Segment Start: Given data

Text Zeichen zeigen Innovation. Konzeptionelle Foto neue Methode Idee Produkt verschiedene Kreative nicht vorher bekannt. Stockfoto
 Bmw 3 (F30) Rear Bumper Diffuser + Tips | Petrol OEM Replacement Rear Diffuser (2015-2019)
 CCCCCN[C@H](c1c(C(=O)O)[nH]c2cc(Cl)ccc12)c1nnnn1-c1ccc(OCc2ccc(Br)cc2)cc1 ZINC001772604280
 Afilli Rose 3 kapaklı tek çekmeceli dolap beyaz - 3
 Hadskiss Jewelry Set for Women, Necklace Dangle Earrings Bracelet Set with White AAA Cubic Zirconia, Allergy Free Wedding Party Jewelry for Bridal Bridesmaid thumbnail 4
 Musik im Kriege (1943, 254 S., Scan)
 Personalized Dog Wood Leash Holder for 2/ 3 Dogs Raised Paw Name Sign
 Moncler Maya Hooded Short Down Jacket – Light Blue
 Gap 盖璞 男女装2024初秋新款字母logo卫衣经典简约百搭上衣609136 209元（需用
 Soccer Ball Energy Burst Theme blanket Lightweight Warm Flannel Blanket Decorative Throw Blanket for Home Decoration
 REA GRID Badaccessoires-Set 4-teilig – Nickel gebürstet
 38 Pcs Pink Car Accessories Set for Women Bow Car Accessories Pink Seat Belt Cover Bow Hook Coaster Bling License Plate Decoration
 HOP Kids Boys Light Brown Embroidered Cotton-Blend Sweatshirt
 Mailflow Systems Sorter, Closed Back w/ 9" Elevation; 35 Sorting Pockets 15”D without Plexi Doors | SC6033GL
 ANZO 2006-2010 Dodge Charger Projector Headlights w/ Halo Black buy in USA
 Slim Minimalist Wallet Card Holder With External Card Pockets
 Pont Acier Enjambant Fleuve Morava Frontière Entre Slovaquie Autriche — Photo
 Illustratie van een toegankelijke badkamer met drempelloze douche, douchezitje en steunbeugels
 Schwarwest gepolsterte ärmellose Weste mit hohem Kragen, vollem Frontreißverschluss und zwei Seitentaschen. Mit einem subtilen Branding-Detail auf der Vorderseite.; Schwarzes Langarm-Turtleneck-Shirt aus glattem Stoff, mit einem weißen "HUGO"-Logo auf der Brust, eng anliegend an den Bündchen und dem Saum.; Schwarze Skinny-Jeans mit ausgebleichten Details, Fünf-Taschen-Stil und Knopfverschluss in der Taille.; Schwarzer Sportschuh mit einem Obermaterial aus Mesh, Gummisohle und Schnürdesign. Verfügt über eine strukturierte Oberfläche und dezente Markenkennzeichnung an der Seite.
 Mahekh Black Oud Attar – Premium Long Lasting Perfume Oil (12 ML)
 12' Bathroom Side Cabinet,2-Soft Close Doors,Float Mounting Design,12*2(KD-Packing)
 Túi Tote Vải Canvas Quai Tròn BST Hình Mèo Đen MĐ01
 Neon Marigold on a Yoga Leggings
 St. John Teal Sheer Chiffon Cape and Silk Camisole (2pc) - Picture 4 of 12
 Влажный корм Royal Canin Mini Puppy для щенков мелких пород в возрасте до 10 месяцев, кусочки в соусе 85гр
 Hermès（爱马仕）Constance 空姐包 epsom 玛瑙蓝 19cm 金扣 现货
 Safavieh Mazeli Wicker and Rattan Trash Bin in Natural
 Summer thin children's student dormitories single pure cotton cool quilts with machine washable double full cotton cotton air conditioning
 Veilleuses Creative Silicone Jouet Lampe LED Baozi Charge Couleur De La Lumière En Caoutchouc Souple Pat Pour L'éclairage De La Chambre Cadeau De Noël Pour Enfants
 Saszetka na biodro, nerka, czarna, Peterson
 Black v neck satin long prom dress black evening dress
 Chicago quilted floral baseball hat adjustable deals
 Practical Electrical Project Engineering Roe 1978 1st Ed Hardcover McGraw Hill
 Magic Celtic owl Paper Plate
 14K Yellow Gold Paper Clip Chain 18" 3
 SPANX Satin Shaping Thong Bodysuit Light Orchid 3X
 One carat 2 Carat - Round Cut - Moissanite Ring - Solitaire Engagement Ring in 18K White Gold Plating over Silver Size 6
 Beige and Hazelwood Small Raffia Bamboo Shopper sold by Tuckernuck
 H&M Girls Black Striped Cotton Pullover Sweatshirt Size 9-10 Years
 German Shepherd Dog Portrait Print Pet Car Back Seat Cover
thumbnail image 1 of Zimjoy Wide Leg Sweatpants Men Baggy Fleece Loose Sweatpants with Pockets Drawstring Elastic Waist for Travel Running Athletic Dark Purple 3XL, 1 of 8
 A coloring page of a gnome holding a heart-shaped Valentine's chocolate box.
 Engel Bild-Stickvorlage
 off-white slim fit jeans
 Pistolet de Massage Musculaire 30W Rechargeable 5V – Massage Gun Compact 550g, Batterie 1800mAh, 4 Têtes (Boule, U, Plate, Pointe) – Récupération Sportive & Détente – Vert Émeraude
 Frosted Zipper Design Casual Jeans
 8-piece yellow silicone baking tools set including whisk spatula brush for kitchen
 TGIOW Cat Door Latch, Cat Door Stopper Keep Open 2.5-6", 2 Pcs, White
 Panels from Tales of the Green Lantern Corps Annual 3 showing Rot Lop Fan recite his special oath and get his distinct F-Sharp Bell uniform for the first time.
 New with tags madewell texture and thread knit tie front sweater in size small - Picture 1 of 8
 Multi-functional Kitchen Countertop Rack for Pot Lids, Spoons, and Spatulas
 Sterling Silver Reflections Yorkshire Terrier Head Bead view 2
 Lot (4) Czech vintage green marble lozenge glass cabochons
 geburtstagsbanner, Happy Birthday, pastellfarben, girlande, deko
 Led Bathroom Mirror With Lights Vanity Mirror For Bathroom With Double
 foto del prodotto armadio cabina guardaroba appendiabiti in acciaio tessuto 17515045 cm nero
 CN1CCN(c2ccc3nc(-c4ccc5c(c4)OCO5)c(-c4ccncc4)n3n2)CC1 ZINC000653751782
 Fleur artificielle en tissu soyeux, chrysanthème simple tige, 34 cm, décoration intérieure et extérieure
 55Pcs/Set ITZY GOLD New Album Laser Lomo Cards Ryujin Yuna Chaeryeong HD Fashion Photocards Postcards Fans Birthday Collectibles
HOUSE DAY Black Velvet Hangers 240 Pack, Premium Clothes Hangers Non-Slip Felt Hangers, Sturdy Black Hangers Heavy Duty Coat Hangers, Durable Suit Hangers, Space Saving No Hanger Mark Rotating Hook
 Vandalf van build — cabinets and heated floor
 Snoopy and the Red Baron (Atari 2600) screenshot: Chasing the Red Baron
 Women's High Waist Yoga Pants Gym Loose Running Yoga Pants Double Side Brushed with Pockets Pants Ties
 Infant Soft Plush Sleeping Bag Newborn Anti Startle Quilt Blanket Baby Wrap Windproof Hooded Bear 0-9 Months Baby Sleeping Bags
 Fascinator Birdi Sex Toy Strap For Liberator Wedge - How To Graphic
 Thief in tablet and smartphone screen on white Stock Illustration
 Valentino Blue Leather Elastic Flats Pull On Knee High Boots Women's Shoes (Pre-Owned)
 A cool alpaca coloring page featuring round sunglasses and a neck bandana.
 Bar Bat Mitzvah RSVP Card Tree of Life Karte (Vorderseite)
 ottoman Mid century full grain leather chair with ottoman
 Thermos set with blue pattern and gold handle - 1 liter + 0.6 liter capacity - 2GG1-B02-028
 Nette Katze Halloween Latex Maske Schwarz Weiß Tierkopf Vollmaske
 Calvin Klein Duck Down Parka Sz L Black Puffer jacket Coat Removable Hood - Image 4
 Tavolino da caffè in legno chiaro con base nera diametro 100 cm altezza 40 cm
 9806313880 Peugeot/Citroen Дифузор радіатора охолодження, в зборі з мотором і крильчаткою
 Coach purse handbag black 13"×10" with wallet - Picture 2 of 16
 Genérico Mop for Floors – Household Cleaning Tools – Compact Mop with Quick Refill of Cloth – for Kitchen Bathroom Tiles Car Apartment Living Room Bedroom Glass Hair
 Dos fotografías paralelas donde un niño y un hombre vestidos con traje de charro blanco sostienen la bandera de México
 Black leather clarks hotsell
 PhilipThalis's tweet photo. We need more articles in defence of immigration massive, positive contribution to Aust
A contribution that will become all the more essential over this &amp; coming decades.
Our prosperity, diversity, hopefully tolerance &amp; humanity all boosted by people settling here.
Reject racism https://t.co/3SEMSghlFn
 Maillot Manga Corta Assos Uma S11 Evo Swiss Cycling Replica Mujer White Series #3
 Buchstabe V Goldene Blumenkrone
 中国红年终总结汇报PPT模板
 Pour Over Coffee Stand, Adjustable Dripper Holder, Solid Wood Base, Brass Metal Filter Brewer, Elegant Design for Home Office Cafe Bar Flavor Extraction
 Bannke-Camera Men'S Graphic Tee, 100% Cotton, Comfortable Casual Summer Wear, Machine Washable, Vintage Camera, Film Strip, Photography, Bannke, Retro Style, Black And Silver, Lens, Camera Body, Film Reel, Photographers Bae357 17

Segment End: Given data

# How to complete this task
Retype, in the same exact form, the lines of the material above from the line holding "Fleur artificielle en" through the line holding "55Pcs/Set ITZY GOLD".

# Written solution
 Fleur artificielle en tissu soyeux, chrysanthème simple tige, 34 cm, décoration intérieure et extérieure
 55Pcs/Set ITZY GOLD New Album Laser Lomo Cards Ryujin Yuna Chaeryeong HD Fashion Photocards Postcards Fans Birthday Collectibles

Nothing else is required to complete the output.